__Dataset content__:
Segment Open

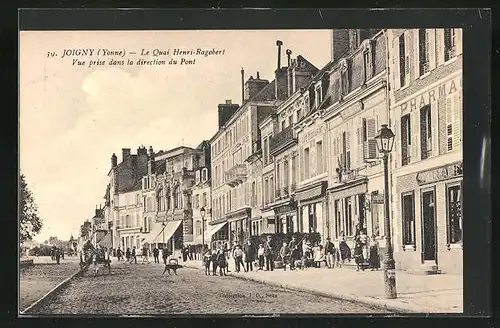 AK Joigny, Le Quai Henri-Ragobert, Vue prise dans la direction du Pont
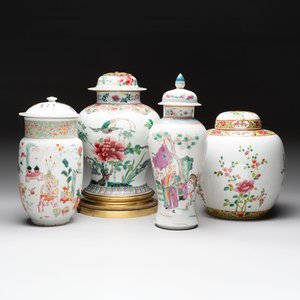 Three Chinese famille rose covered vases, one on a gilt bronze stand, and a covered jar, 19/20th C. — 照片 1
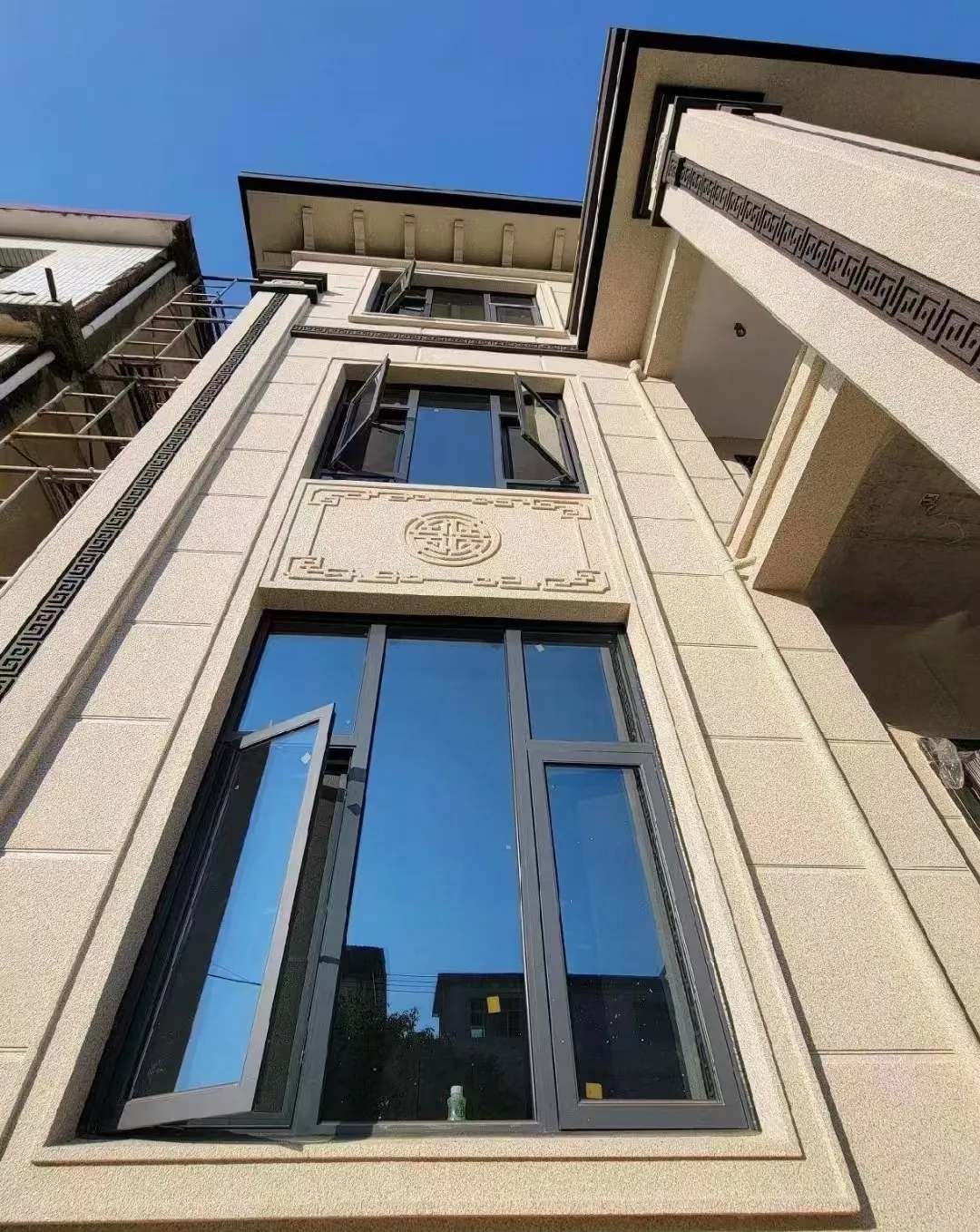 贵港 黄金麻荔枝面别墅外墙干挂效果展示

Segment Closed

I would like the lines from the one with "Three Chinese famille" through the last line of the data above retyped exactly, with pictures left out, please.

__Answer to this problem__:
 Three Chinese famille rose covered vases, one on a gilt bronze stand, and a covered jar, 19/20th C. — 照片 1
 贵港 黄金麻荔枝面别墅外墙干挂效果展示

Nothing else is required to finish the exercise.